World Cup hosting contracts will be signed after the Dec. 11 decision by more than 200 FIFA member federations at an online meeting. Saudi Arabia is the only candidate for 2034.
Promising not to be confrontational with FIFA, Dixon said: "We are not naive. It is not FIFA's role to change the world. They are not the UN."
The briefing in FIFA's home city came two days after the UN General Assembly in New York rejected a Saudi bid to get a seat on the 47-nation Human Rights Council for the next three years.
On Friday, the would-be FIFA advisers cited Saudi Arabia's record on freedom of speech and assembly, and laws on labor and male guardianship that limit women's freedoms.
After Infantino was first elected in 2016, when scrutiny was intense on Qatar and its treatment of migrant workers, FIFA demanded a human rights strategy from future World Cup hosts.
Bid rules for the 2030 and 2034 men's tournaments refer to "activities in connection with the bidding for and hosting" rather than rights in wider society.
In May, FIFA got an offer from the law and human rights experts to create an independent process for monitoring progress in Saudi Arabia.
Swiss law professor Mark Pieth, an anti-corruption advisor to FIFA from 2011-14, said they had been ignored and "we are here in Zurich to try again."
In July, Saudi plans for the World Cup were published including a review of its human rights strategy by lawyers it chose, and 15 stadium projects.
Human Rights Watch researcher Joey Shea said Friday it documented "grave labor violations" against migrant workers who number more than 13 million, or about 40% of the kingdom's population.
The scale of construction required for the World Cup and potential for labor abuses "is really, really chilling," Shea said in a live link from London.
She cautioned that while rights groups had limited access to operate in Qatar ahead of the 2022 World Cup, there is "zero access" to Saudi Arabia.
Saudi soccer officials have consistently said the kingdom is making progress on social reforms as part of the Vision 2030 drive by Crown Prince Mohammed bin Salman to modernize and create a post-oil economy.
The 2034 bid campaign was contacted for comment Friday.
In a video message from Washington D.C., Abdullah Alaoudh of the Middle East Democracy Center insisted "the human rights situation in Saudi Arabia has worsened under Mohamed bin Salman's leadership."
Saudi Arabia was ranked No. 131 of 146 nations on gender issues by the World Economic Forum, Dixon noted.
"[There are] so many laws that prejudice women," he said. "None of them are addressed by the Saudi bid."
FIFA is evaluating World Cup bidders with reports likely in early December.

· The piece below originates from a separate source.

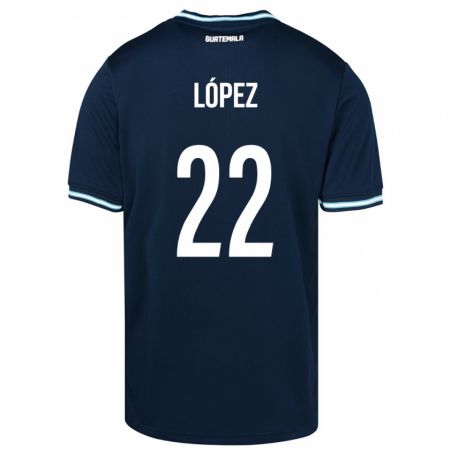 Kandiny Herren Guatemala Whitney López #22 Blau Auswärtstrikot Trikot 24-26 T-Shirt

It also must assess the human rights strategy of the sole candidate for the 2030 World Cup: co-hosts Spain, Portugal and Morocco with single games in Argentina, Paraguay and Uruguay.
FIFA and Infantino have not held a news conference to take any questions on World Cup bids since the 2034 edition was fast-tracked toward Saudi Arabia one year ago.
Any protest among FIFA voters on Dec. 11 has been made less likely because of how the organization is structuring the voting.
FIFA said last week both 2030 and 2034 awards will be combined in a single vote. Any European opposition to the Saudi bid also would count against Spain and Portugal. Victory by acclamation without an itemized vote is possible.